If your goal is text extraction from a born-digital PDF (LaTeX, Word, InDesign output), you do not need rendering. udoc parses the content stream directly. Rendering exists for the cases where the parser alone is not enough.

Triggering OCR

PDFs that are scans rather than digitally-generated have no text in the content stream — only images. There are two firing modes for the OCR hook:

# Mixed input: most pages digital, some scanned (insurance forms,
# legal exhibits, government archives). Default behaviour: OCR
# fires only on pages with fewer than 10 words of extracted text.
import udoc

cfg = udoc.Config(
    hooks=udoc.Hooks(ocr="tesseract-hook"),
)
doc = udoc.extract("mixed.pdf", config=cfg)
# Whole document is a scan, or you want a sanity-check pass on a
# digital document. Force OCR on every page.
udoc --ocr tesseract-hook --ocr-all scanned.pdf

The default firing rule is "OCR pages with fewer than 10 whitespace-separated words of extracted text." The threshold lives on HookConfig.min_words_to_skip_ocr on the Rust runner; HookConfig.ocr_all_pages (CLI: --ocr-all) bypasses the gate entirely. The Python udoc.Hooks config currently uses the defaults; force-on-every-page from Python today by shelling out to udoc --ocr ... --ocr-all or using the Rust API directly.

Layout and annotate hooks fire on every page when configured, with no equivalent gate. To skip pages from inside a layout / annotate hook, return {"error": {"kind": "unsupported", ...}} for the sequence — udoc passes those pages through unchanged.

The full firing-rules table and the knobs that change them live in Hooks / When does a hook fire?.

Resolution choice

DPI Use for File size (US-Letter, mostly text)
96 Quick visual checks, low-fidelity thumbnails ~50 KB
150 Default. Good for human reading, layout debug ~120 KB
200 Mid-range OCR; balance speed and accuracy ~210 KB
300 OCR ground truth, archive-grade output ~480 KB
600 OCR for difficult scans, very small print ~1.9 MB

OCR engines benchmarked against modern Tesseract usually crest at 300 DPI; bumping to 600 helps only on small-print documents (legal filings, receipts) where stem widths near the binarisation threshold need the extra pixels.

Layout hooks for hard reading order

Tier 2 of the reading-order cascade (X-Y cut, see PDF format guide) handles most multi-column layouts.

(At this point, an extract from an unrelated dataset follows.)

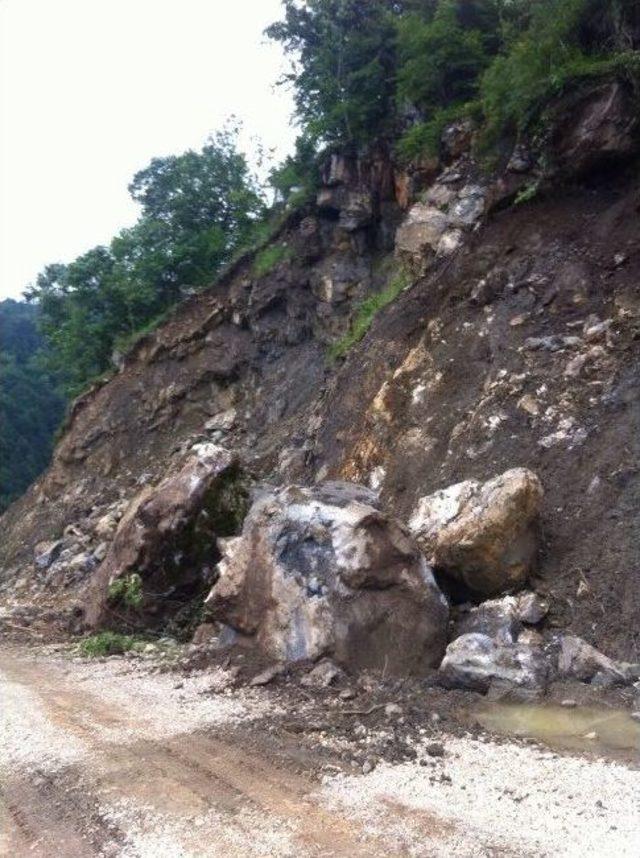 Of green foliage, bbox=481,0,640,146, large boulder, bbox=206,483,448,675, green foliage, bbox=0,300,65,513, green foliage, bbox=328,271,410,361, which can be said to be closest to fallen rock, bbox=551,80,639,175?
green foliage, bbox=481,0,640,146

When it does not — comic-book panels, complex spread layouts, broken-but-correct producers — a layout-detection hook can override the geometric reorder.

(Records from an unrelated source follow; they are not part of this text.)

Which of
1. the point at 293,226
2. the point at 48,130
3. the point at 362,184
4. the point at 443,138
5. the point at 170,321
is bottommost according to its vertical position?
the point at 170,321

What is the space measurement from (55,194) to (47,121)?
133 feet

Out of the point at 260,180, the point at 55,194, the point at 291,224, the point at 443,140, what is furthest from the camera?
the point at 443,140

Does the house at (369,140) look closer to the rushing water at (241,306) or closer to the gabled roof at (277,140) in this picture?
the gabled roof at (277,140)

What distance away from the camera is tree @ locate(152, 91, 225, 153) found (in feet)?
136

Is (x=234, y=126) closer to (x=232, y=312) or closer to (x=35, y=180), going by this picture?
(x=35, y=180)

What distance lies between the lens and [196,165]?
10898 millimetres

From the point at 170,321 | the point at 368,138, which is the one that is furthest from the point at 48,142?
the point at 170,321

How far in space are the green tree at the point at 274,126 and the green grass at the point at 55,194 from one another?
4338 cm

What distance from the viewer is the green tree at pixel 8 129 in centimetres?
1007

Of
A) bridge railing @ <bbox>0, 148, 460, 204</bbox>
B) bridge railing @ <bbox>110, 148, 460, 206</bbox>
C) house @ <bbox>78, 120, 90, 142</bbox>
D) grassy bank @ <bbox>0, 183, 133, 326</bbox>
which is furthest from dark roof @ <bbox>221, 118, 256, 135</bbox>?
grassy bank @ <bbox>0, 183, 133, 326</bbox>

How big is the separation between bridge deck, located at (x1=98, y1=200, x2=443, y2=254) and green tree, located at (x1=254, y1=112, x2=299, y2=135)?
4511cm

udoc --layout doclayout-yolo paper.pdf

The hook receives the page image plus the spans udoc has already extracted; it returns labelled regions (title, paragraph, figure, table, list). udoc uses the region order to build the final reading order and stamps the labels on each block.

A minimal layout hook handshake declares phase: layout, needs: ["spans", "image"], and provides: ["regions"]. The hooks chapter has the full protocol.

Render quality nuances

Rendering is viewer-grade, not pixel-equal-to-Acrobat. Specifically:

  • Font hinting. udoc uses TrueType VM hinting for hinted faces and a software auto-hinter for unhinted CFF / Type 1. The auto-hinter is tuned for OCR friendliness; viewer mode disables some of its more aggressive grid-fitting.
  • Sub-pixel positioning. On in viewer profile, off in OCR profile. OCR engines binarise; sub-pixel positioning produces fractional-pixel stems that hurt rather than help.
  • Anti-aliasing. Standard 8-bit grayscale coverage, no LCD/RGB sub-pixel AA. Produces a clean grayscale page image regardless of display.
  • Patterns and shadings. Type 1 (coloured tiling), Type 2 (axial shading), Type 3 (radial) supported. Function-based shadings (Type 4, 5, 6, 7) are partial — gradients render but function-domain edge cases fall back.
  • Transparency. Alpha compositing is supported; some transparency-group corner cases (knockout groups with isolated alpha) emit warnings and degrade.